(Available data Opens)
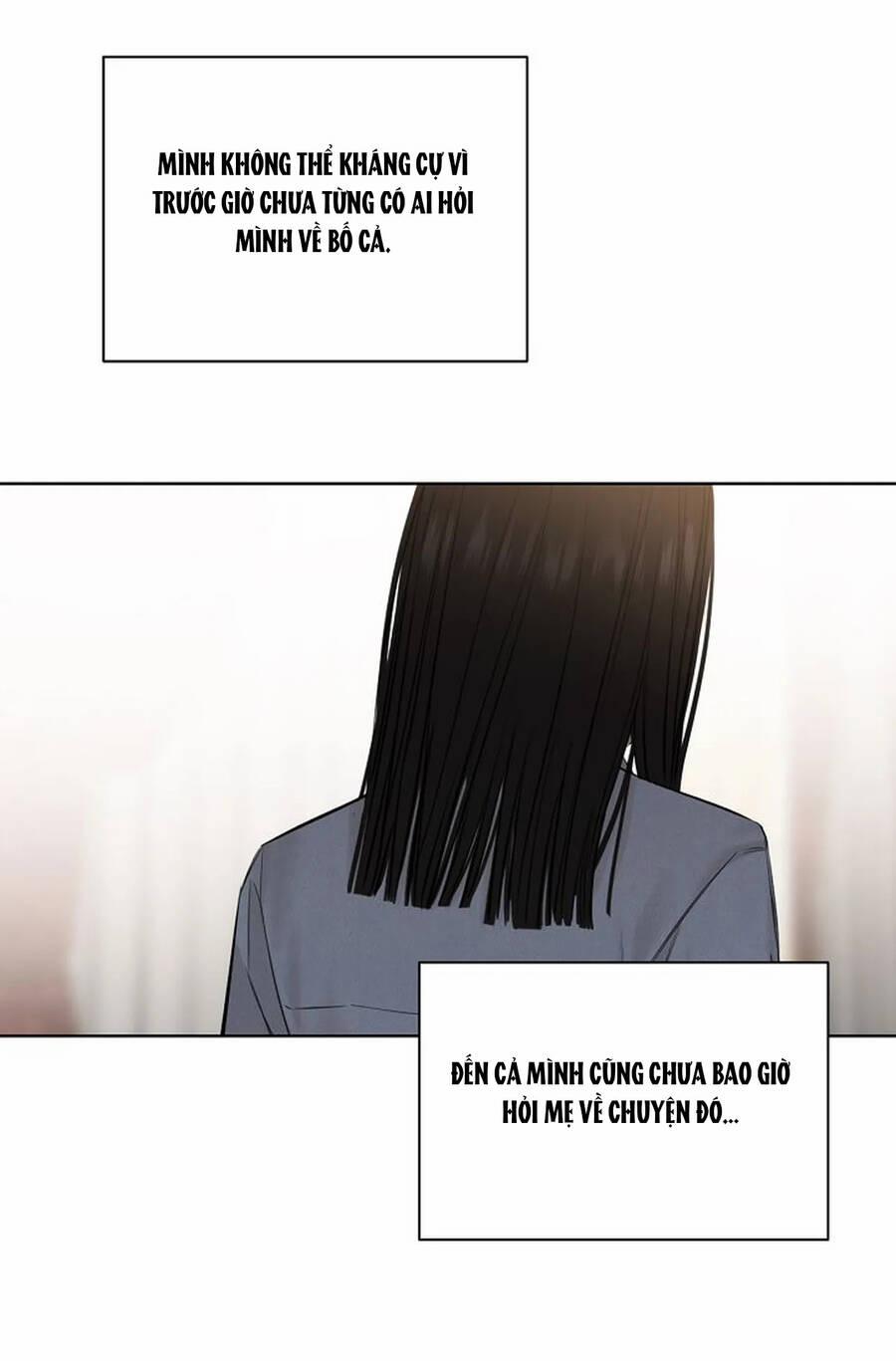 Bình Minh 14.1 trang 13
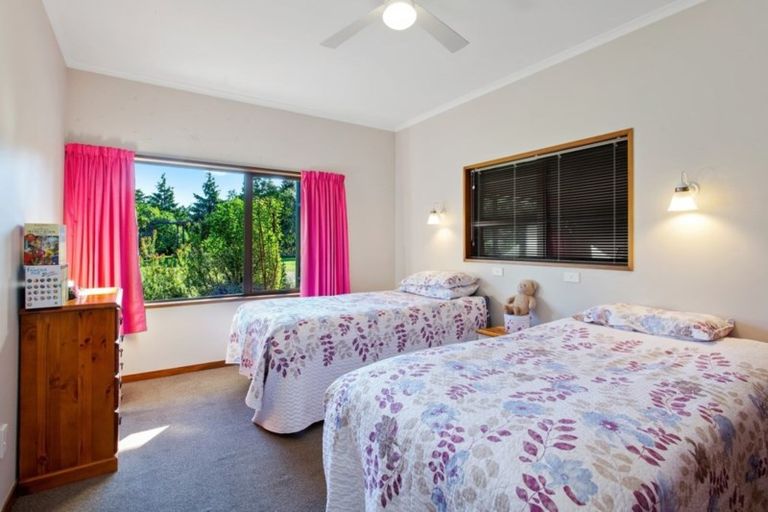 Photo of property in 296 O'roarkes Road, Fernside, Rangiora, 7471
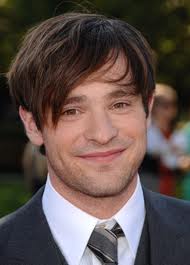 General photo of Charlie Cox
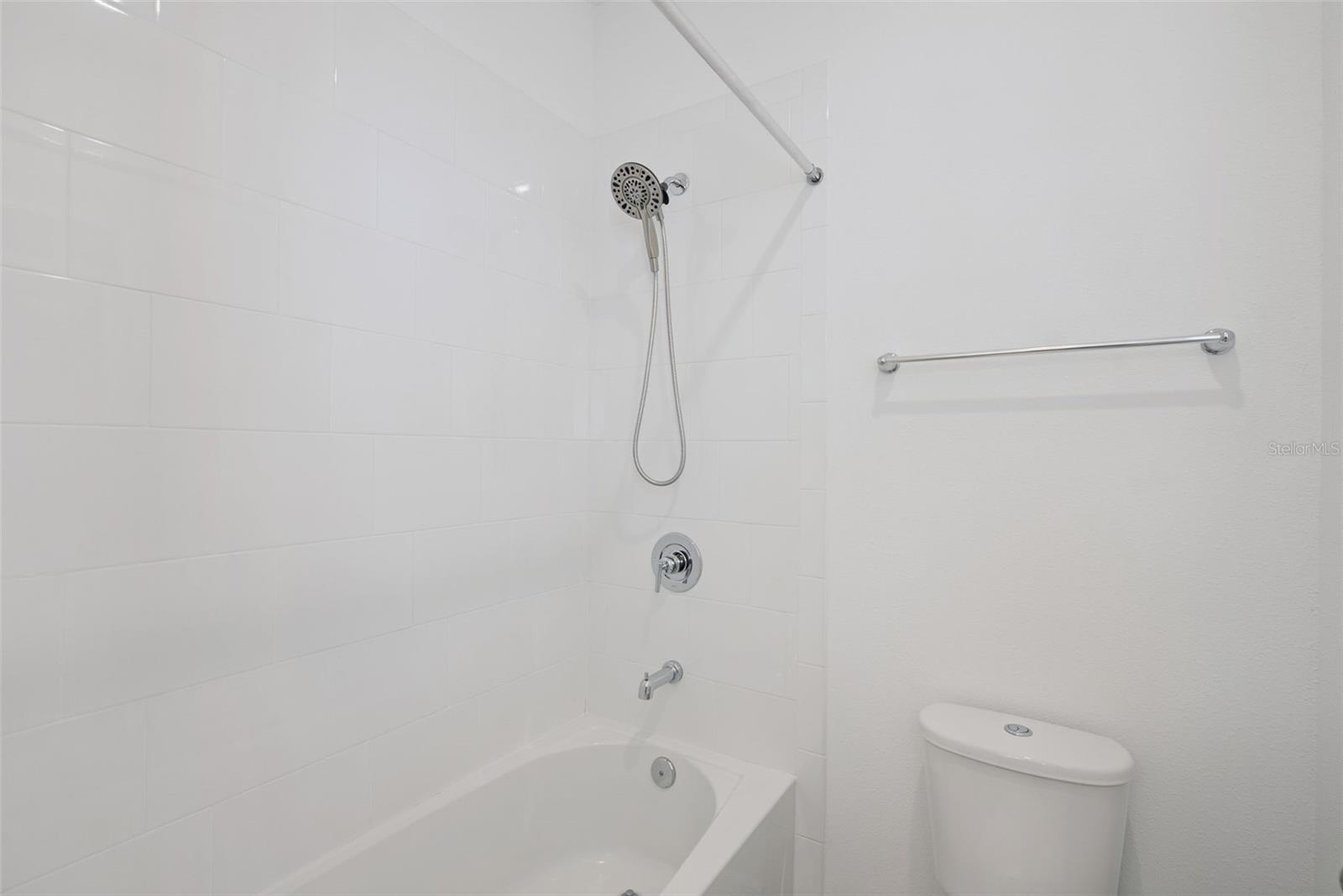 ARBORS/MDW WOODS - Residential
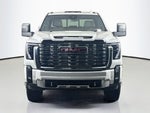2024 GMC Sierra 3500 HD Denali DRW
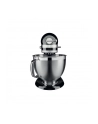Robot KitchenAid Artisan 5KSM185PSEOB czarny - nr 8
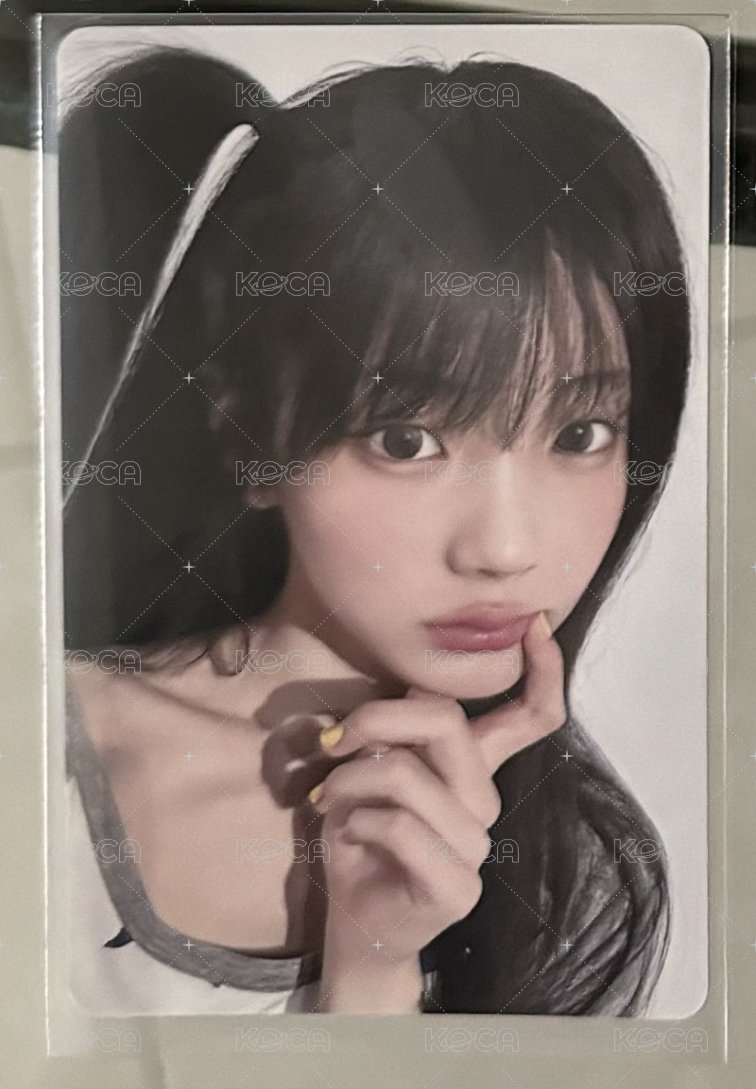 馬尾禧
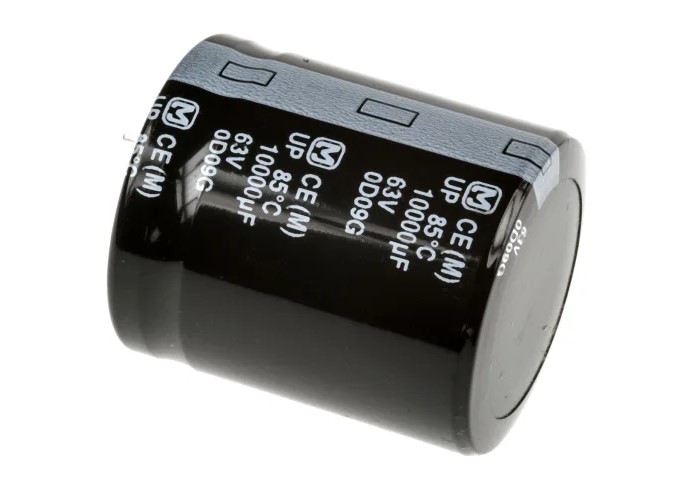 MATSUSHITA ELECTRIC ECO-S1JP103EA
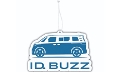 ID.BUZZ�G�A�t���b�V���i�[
(Available data Closes)
(Available data Opens)
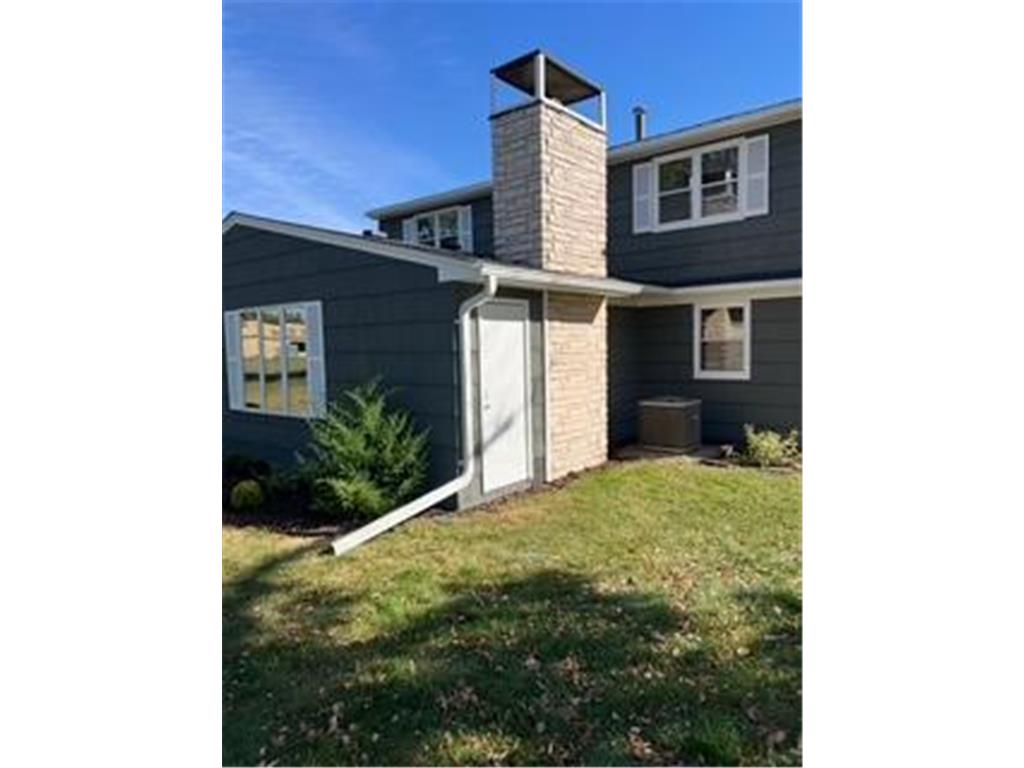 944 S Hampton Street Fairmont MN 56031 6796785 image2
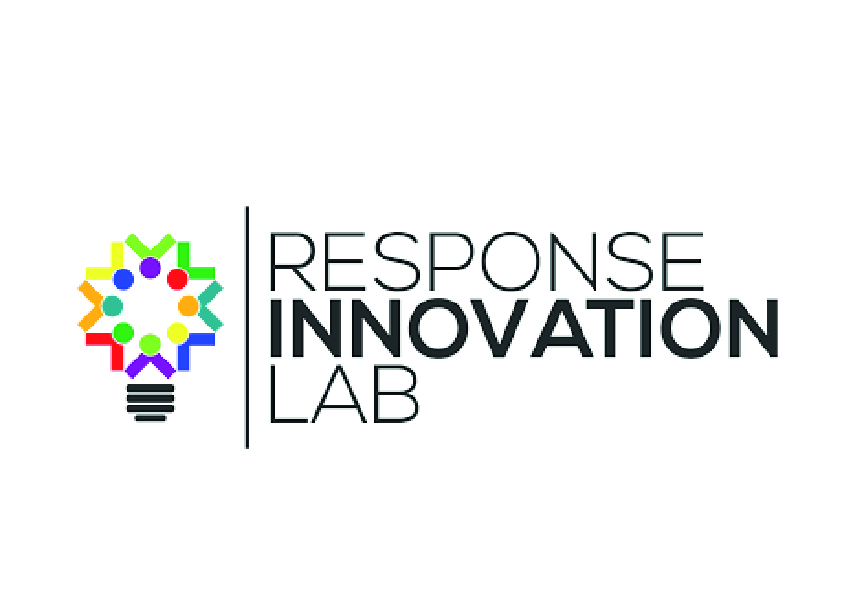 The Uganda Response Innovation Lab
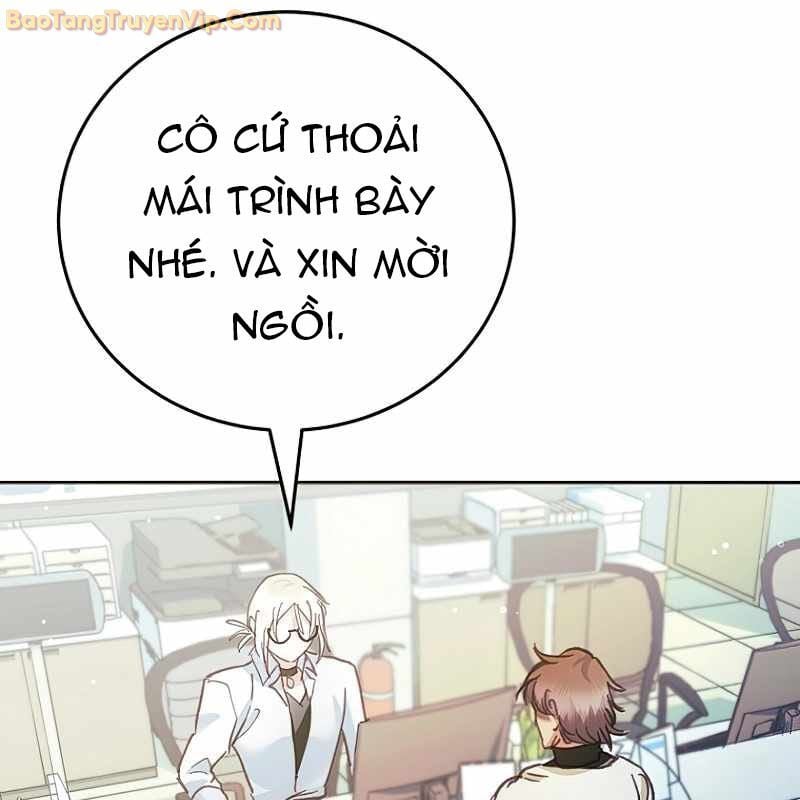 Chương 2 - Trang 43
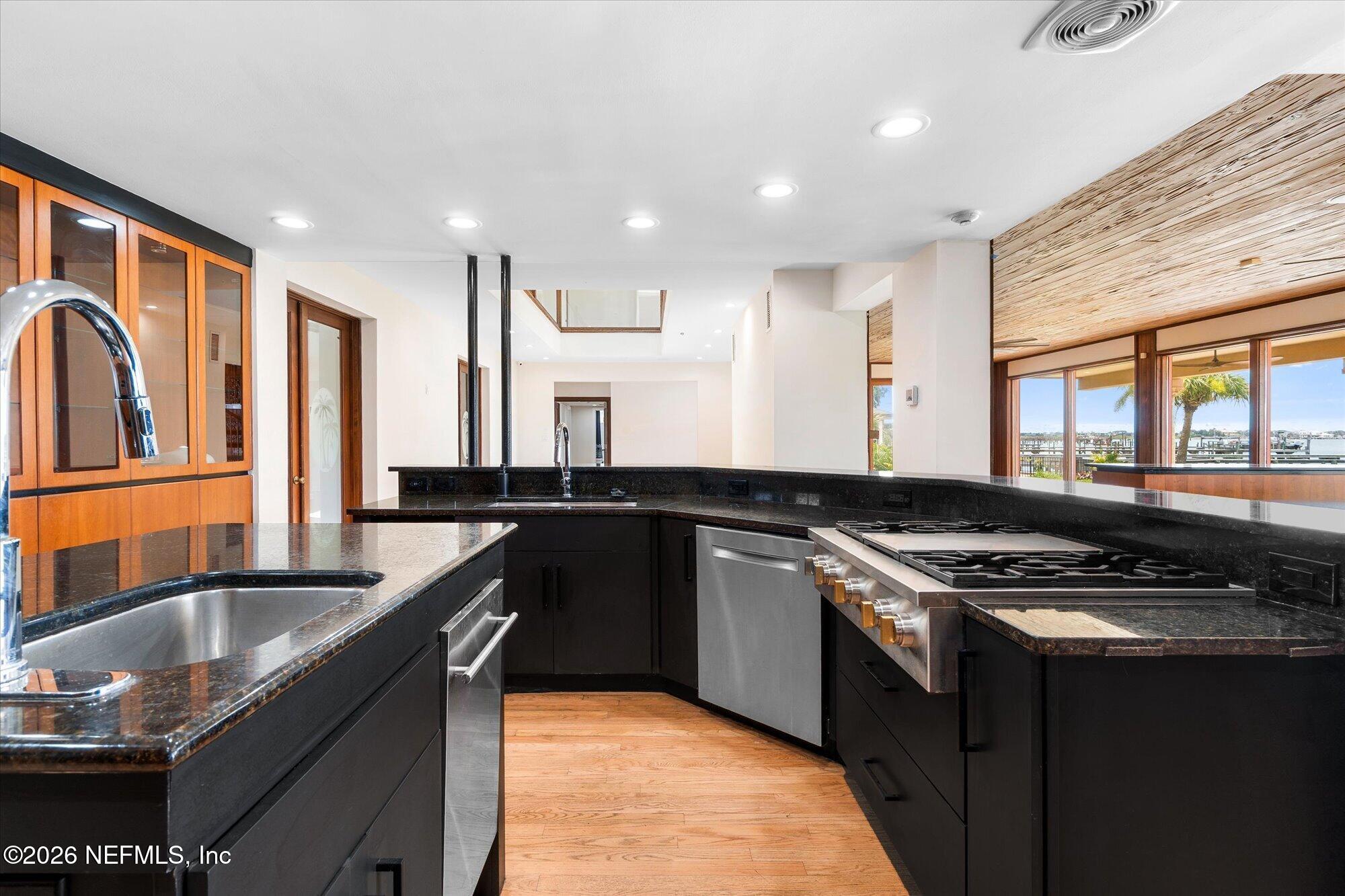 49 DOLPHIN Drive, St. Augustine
(Available data Closes)
(Available data Opens)
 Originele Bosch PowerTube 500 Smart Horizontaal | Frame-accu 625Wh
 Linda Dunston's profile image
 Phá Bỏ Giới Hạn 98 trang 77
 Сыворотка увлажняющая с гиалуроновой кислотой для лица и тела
(Available data Closes)
_Task instructions_:
Starting at the line above that holds "Originele Bosch PowerTube" and ending at the line that holds "Сыворотка увлажняющая с", transcribe each line exactly and include no other lines.

_Completed task_:
 Originele Bosch PowerTube 500 Smart Horizontaal | Frame-accu 625Wh
 Linda Dunston's profile image
 Phá Bỏ Giới Hạn 98 trang 77
 Сыворотка увлажняющая с гиалуроновой кислотой для лица и тела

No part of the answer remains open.